Cao C, Manganas C, Bannon P, Vallely M, Yan TD
J. Thorac. Cardiovasc. Surg. 2013 Mar;145(3):738-47
OBJECTIVE: The present meta-analysis aimed to compare the short-term safety and efficacy of drug-eluting stents and coronary artery bypass graft surgery for patients with left main coronary artery disease.
METHODS: Fourteen relevant studies were identified from 5 electronic databases. End points included mortality, stroke, myocardial infarction, repeat revascularization, and major adverse cardiac and cerebrovascular events.
RESULTS: Results indicate that all-cause mortality was similar between drug-eluting stents and coronary artery bypass grafting at 30 days and at follow-up beyond 1 year. Likewise, the incidence of myocardial infarction was similar between drug-eluting stents and coronary artery bypass grafting at 12 months and at follow-up beyond 1 year. However, drug-eluting stents were associated with a lower incidence of all-cause mortality at 12 months and a higher incidence of myocardial infarction at 30 days compared with coronary artery bypass grafting. Drug-eluting stents were consistently associated with a higher incidence of repeat revascularization, whereas coronary artery bypass grafting had a higher incidence of stroke. The incidence of major adverse cardiac and cerebrovascular events was similar between the 2 groups at 30 days but higher for drug-eluting stents at 12 months and beyond.
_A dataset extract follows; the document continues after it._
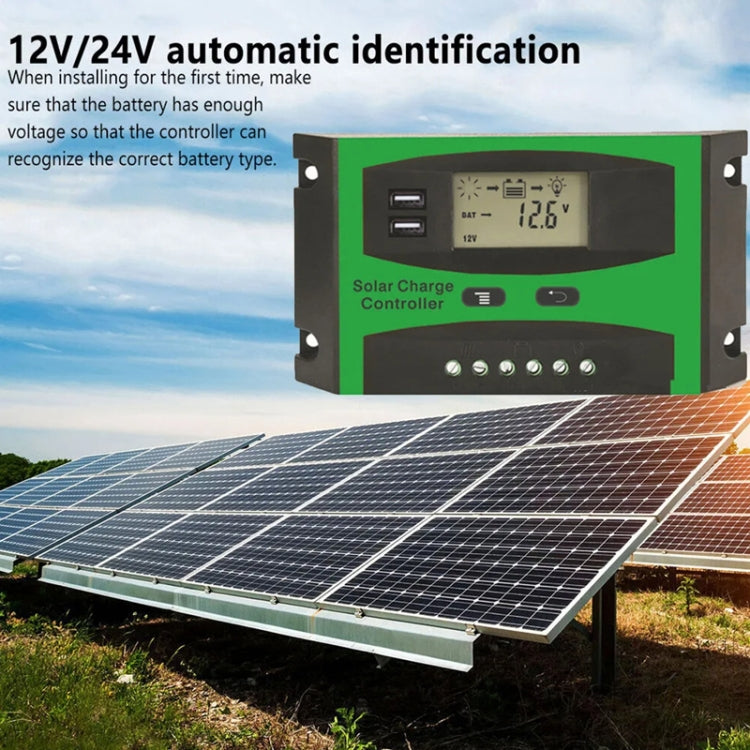 30A 12V/24V Solar Charge And Discharge Controller Dual USB Port LCD Solar Cells Panel Charge Regulator - Others by PMC Jewellery | Online Shopping South Africa | PMC Jewellery | Buy Now Pay Later Mobicred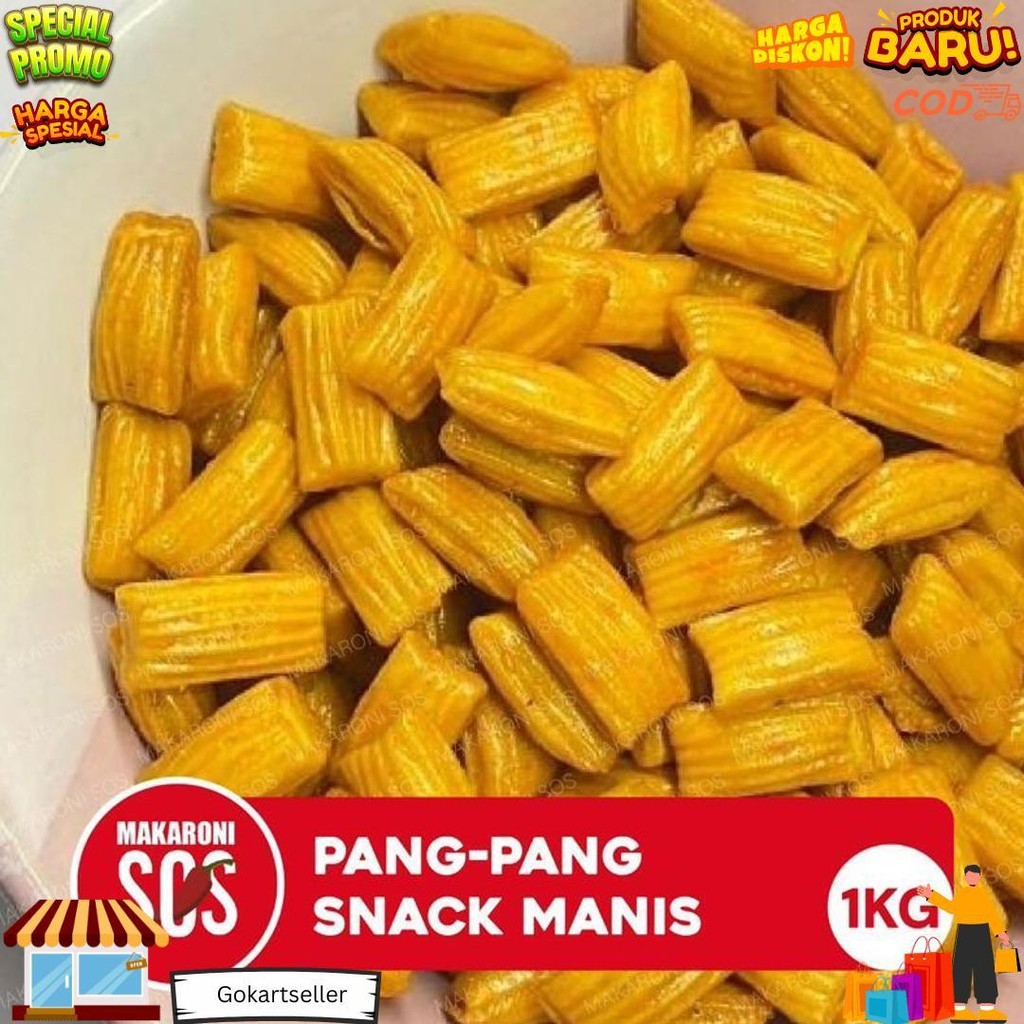

1Kg Pang Pang Snack Jadul 1 Kilogram Snack Pang Pang Viral Rasa Manis D Terlaris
CONCLUSIONS: Patients treated by drug-eluting stents in randomized controlled trials and observational studies in the current literature are often a preselected subgroup with less complex lesions compared with the overall target population. Results drawn from these studies should be viewed with caution. Coronary artery bypass grafting is associated with a lower incidence of major adverse cardiac and cerebrovascular events at 1 year and beyond, and thus should be regarded as the standard of treatment. However, drug-eluting stents may have a role for selected patients with percutaneously amenable left main disease who are poor surgical candidates.